* Task details *
Your response should contain every record below, copied exactly.

Entries taken from a collection:
* * * * * * * * *

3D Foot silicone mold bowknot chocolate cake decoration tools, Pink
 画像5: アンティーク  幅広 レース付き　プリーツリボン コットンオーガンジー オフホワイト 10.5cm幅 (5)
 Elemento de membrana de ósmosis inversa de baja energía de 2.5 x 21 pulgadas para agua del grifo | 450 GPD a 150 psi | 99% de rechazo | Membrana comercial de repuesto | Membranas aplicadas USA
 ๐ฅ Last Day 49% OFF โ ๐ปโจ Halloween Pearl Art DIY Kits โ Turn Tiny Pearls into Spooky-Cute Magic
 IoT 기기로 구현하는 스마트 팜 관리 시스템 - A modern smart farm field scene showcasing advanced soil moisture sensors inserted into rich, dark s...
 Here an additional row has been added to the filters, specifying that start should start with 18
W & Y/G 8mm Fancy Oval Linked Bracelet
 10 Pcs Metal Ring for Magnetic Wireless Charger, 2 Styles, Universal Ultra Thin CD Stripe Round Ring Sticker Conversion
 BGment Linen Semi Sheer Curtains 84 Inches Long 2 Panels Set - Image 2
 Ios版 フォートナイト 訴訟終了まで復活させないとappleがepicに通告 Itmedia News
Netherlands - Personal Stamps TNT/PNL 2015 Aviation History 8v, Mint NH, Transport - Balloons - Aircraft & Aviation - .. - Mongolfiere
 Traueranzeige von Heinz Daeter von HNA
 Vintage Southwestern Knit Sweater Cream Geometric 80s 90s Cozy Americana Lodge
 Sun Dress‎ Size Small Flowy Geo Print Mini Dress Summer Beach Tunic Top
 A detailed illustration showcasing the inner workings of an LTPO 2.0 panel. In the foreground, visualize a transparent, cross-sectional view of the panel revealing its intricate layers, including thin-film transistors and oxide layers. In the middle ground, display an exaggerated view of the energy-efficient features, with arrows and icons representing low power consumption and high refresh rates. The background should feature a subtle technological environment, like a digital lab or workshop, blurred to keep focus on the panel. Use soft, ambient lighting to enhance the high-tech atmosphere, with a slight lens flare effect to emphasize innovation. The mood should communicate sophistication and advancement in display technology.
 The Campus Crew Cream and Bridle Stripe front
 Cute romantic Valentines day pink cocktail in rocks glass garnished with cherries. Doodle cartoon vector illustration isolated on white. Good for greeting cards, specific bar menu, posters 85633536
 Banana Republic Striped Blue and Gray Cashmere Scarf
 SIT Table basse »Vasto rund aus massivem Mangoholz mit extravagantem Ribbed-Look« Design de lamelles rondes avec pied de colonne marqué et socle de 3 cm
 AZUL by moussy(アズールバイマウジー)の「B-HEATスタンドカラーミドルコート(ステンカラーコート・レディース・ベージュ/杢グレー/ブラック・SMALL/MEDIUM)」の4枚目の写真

* * * * * * * * *

* Task result *
3D Foot silicone mold bowknot chocolate cake decoration tools, Pink
 画像5: アンティーク  幅広 レース付き　プリーツリボン コットンオーガンジー オフホワイト 10.5cm幅 (5)
 Elemento de membrana de ósmosis inversa de baja energía de 2.5 x 21 pulgadas para agua del grifo | 450 GPD a 150 psi | 99% de rechazo | Membrana comercial de repuesto | Membranas aplicadas USA
 ๐ฅ Last Day 49% OFF โ ๐ปโจ Halloween Pearl Art DIY Kits โ Turn Tiny Pearls into Spooky-Cute Magic
 IoT 기기로 구현하는 스마트 팜 관리 시스템 - A modern smart farm field scene showcasing advanced soil moisture sensors inserted into rich, dark s...
 Here an additional row has been added to the filters, specifying that start should start with 18
W & Y/G 8mm Fancy Oval Linked Bracelet
 10 Pcs Metal Ring for Magnetic Wireless Charger, 2 Styles, Universal Ultra Thin CD Stripe Round Ring Sticker Conversion
 BGment Linen Semi Sheer Curtains 84 Inches Long 2 Panels Set - Image 2
 Ios版 フォートナイト 訴訟終了まで復活させないとappleがepicに通告 Itmedia News
Netherlands - Personal Stamps TNT/PNL 2015 Aviation History 8v, Mint NH, Transport - Balloons - Aircraft & Aviation - .. - Mongolfiere
 Traueranzeige von Heinz Daeter von HNA
 Vintage Southwestern Knit Sweater Cream Geometric 80s 90s Cozy Americana Lodge
 Sun Dress‎ Size Small Flowy Geo Print Mini Dress Summer Beach Tunic Top
 A detailed illustration showcasing the inner workings of an LTPO 2.0 panel. In the foreground, visualize a transparent, cross-sectional view of the panel revealing its intricate layers, including thin-film transistors and oxide layers. In the middle ground, display an exaggerated view of the energy-efficient features, with arrows and icons representing low power consumption and high refresh rates. The background should feature a subtle technological environment, like a digital lab or workshop, blurred to keep focus on the panel. Use soft, ambient lighting to enhance the high-tech atmosphere, with a slight lens flare effect to emphasize innovation. The mood should communicate sophistication and advancement in display technology.
 The Campus Crew Cream and Bridle Stripe front
 Cute romantic Valentines day pink cocktail in rocks glass garnished with cherries. Doodle cartoon vector illustration isolated on white. Good for greeting cards, specific bar menu, posters 85633536
 Banana Republic Striped Blue and Gray Cashmere Scarf
 SIT Table basse »Vasto rund aus massivem Mangoholz mit extravagantem Ribbed-Look« Design de lamelles rondes avec pied de colonne marqué et socle de 3 cm
 AZUL by moussy(アズールバイマウジー)の「B-HEATスタンドカラーミドルコート(ステンカラーコート・レディース・ベージュ/杢グレー/ブラック・SMALL/MEDIUM)」の4枚目の写真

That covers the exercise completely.